[What you need to do] Copy all lines holding the word "thumbnail" from the entries.

##### Material supplied #####

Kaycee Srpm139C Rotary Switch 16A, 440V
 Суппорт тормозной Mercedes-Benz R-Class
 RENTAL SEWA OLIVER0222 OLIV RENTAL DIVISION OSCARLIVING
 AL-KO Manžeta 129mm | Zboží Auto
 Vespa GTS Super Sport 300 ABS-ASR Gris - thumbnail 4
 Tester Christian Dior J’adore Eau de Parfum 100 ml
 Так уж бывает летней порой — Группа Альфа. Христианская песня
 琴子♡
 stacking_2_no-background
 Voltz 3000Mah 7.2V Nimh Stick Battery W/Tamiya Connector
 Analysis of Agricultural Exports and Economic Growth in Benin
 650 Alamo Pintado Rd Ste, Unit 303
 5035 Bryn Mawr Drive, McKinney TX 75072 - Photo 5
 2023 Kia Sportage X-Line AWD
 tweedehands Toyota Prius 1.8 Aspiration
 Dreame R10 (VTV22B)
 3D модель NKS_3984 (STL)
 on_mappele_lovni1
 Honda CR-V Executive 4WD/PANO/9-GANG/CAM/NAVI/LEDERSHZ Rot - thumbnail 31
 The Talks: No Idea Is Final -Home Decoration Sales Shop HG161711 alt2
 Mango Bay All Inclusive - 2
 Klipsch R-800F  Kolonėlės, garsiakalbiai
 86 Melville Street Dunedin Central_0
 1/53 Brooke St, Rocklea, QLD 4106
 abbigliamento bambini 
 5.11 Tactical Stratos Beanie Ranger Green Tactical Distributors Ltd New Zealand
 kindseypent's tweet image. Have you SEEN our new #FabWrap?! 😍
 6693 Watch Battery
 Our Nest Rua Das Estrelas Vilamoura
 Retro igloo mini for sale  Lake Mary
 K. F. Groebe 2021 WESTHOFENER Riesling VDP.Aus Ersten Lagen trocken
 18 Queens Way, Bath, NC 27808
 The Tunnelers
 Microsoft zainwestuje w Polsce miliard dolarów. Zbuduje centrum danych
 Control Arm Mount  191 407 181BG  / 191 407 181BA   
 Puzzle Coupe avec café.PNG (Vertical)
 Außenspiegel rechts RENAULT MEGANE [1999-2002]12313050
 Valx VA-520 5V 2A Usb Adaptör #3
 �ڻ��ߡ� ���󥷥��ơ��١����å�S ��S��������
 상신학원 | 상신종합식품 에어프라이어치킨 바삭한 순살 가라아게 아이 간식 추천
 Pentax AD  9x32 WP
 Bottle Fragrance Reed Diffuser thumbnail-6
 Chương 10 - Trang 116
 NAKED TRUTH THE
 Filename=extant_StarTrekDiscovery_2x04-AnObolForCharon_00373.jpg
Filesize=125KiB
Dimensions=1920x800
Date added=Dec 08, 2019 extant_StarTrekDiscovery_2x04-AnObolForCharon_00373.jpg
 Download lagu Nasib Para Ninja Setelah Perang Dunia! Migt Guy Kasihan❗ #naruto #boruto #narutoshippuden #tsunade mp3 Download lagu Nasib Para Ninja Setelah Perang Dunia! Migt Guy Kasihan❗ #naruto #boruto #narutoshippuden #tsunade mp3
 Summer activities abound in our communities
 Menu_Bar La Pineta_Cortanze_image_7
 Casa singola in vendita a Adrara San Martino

#####

[Answer to this task]
 Vespa GTS Super Sport 300 ABS-ASR Gris - thumbnail 4
 Honda CR-V Executive 4WD/PANO/9-GANG/CAM/NAVI/LEDERSHZ Rot - thumbnail 31
 Bottle Fragrance Reed Diffuser thumbnail-6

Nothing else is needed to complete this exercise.